As you go further up the pyramid, tests get more expensive in every dimension: they are slower (and are run less frequently as a result), more expensive to debug and maintain, and maybe a bit flaky, though you should still de-flakify these tests as much as is practical.

The key is to push tests as far down the pyramid as possible. Never test something in an E2E test if it can be meaningfully tested in a unit test. For example, a regression test for a database date/time serialization bug should run against a real database. Meanwhile, a test verifying that an HTTP service returns the correct response code in a specific situation can run against mocks.

1 https://martinfowler.com/articles/practical-test-pyramid.htm... (holy crap that is a mountain of text, but the diagram is near the top)

commandlinefan · on Sept 24, 2021

> Contract tests allow us to describe the interactions between our services through expectations to be met by their inputs and outputs.

If you say so, and I wish you luck but... I've seen that tried many, many times and never seen it actually work out in practice. It seems like it ought to be workable - there are only a finite number of ways that each service can be invoked after all - but if the goal of automated testing is to find problems before they become production problems, I've never seen "defined contracts" fulfill that goal.

anamexis · on Sept 24, 2021

> but if the goal of automated testing is to find problems before they become production problems, I've never seen "defined contracts" fulfill that goal

But, have you seen contract testing fail to catch problems that E2E tests did catch?

I think both of them end up tending to be regression tests a lot of the time.

makeitdouble · on Sept 24, 2021

A complicating factor is that teams usually start with E2E when it’s simple, and only move to other approaches when the systems have become way too complicated.

At that point I don’t know if there is any specific strategy that effectively catches a lot of bugs, short of sending to production and monitor the effect. At a company we just called those tests “sanity checks”, and the goal was just to make sure the most basic use cases would still work, and nothing more.

coryrc · on Sept 24, 2021

It says the majority of the problems caught in E2E were due to changed contacts, so it makes sense to have a dedicated test type for those errors. If the remaining caught bugs are few enough and their customers are willing to suffer occasional unavailability, just let them be caught in production and save that expense.

deterministic · on Sept 25, 2021

Agree. They are not testing the end-to-end contracts of how concurrent services interact. I predict it will end badly.

drewcoo · on Sept 24, 2021

E2E tests are required because no matter how well-defined your other tests are or how completely they've tested everything . . . you can't prove that they'd absolutely catch all the bugs.

https://en.wikipedia.org/wiki/Argument_from_ignorance

Kudos to Nubank for whatever combination of logic and bravery led them to their decision.

coryrc · on Sept 24, 2021

E2E can't catch all bugs either.

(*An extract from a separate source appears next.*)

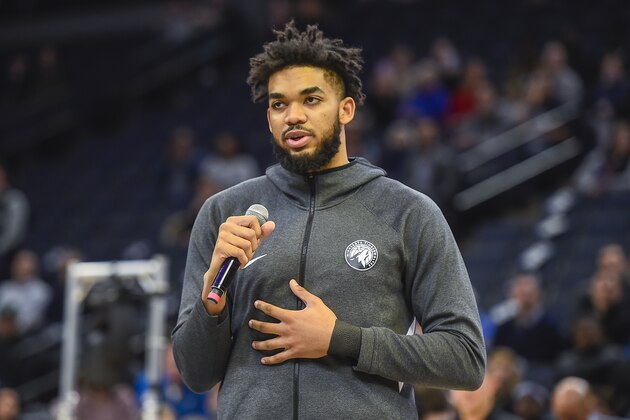 Minnesota Timberwolves forward Karl-Anthony TownsÂ pays tribute to Kobe Bryant, who died Sunday in a helicopter accident, before the start of their NBA basketball game against the Sacramento Kings Monday, Jan. 27, 2020, in Minneapolis. (AP Photo/Craig Lassig)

This team decided the number of bugs their test suite caught was not enough to be worth keeping it. With a robust canary deployment, they will quickly find and rollback breakages whether or not the e2e suite would have caught it.

dgb23 · on Sept 24, 2021

Reading the article beyond the title reveals that this decision was engineering driven, measured and they ended up with a simpler, disentangled solution, by separating contracts that verify compatible schemas on one side and acceptance tests on the other side.

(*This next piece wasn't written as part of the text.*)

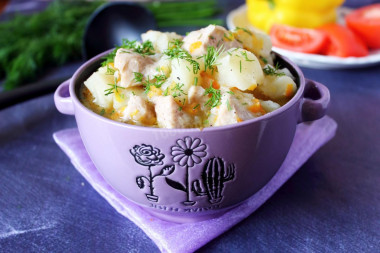 Stewed potatoes with chicken fillet in saucepan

bryan_w · on Sept 24, 2021

Catching all the bugs is generous. You won't be able to prove...basic functionally when all the components are deployed in production

jniedrauer · on Sept 24, 2021

E2E tests are still extremely limited and let bugs through, unless they also fuzz somehow. But that will make them even more flaky and difficult to debug, costing more time. It's a tradeoff.

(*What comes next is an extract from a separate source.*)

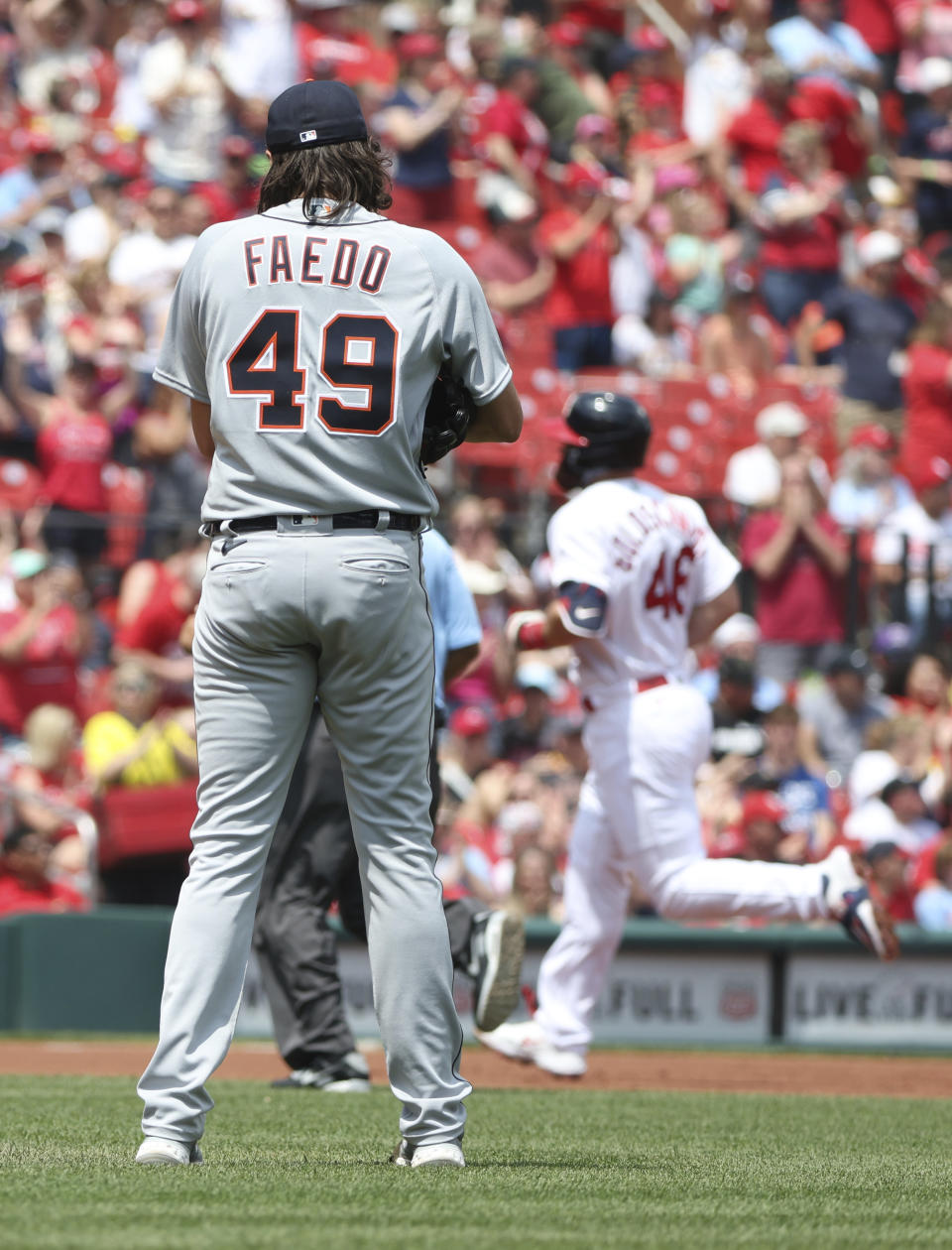 Detroit Tigers starting pitcher Alex Faedo (49) regroups as St. Louis Cardinals' Paul Goldschmidt circles the bases after hitting a solo home run in the first inning of a baseball game, Sunday, May 7, 2023, in St. Louis. (AP Photo/Tom Gannam)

Example: You run some number of operations and then batch them. If you run the exact same operations each time you test, you may not catch conflicts between them. Instead, you'd have to run a random number of, and type of, operations. But then test failures would become extraordinarily difficult to reproduce. You'd have to hope that your tests log exactly what the inputs were, and have a semi-efficient way to recreate those inputs locally.

deterministic · on Sept 25, 2021

I don’t think it was bravery. I think it was lack of end-to-end test engineering skills. If your tests are flaky then do what you would do with any other software: fix it! If your end-to-end tests are slow then do what you would do with any other software: optimise it! Not having proper end-to-end tests is a massive red flag.

NewEntryHN · on Sept 24, 2021

Which can't be proven by E2E either, and which you don't need to prove.

mirekrusin · on Sept 24, 2021

So they ditched e2e in favour of something that average monorepo checks statically ie throught typescript? Then mocked functional tests and called it a day?

The problem probably started when they put themselves in this microservice plague setup where they can't spawn simulated environment in ci anymore. As it turns out running system aka deployment on environment is a monolithic expression of microservice spaghetti.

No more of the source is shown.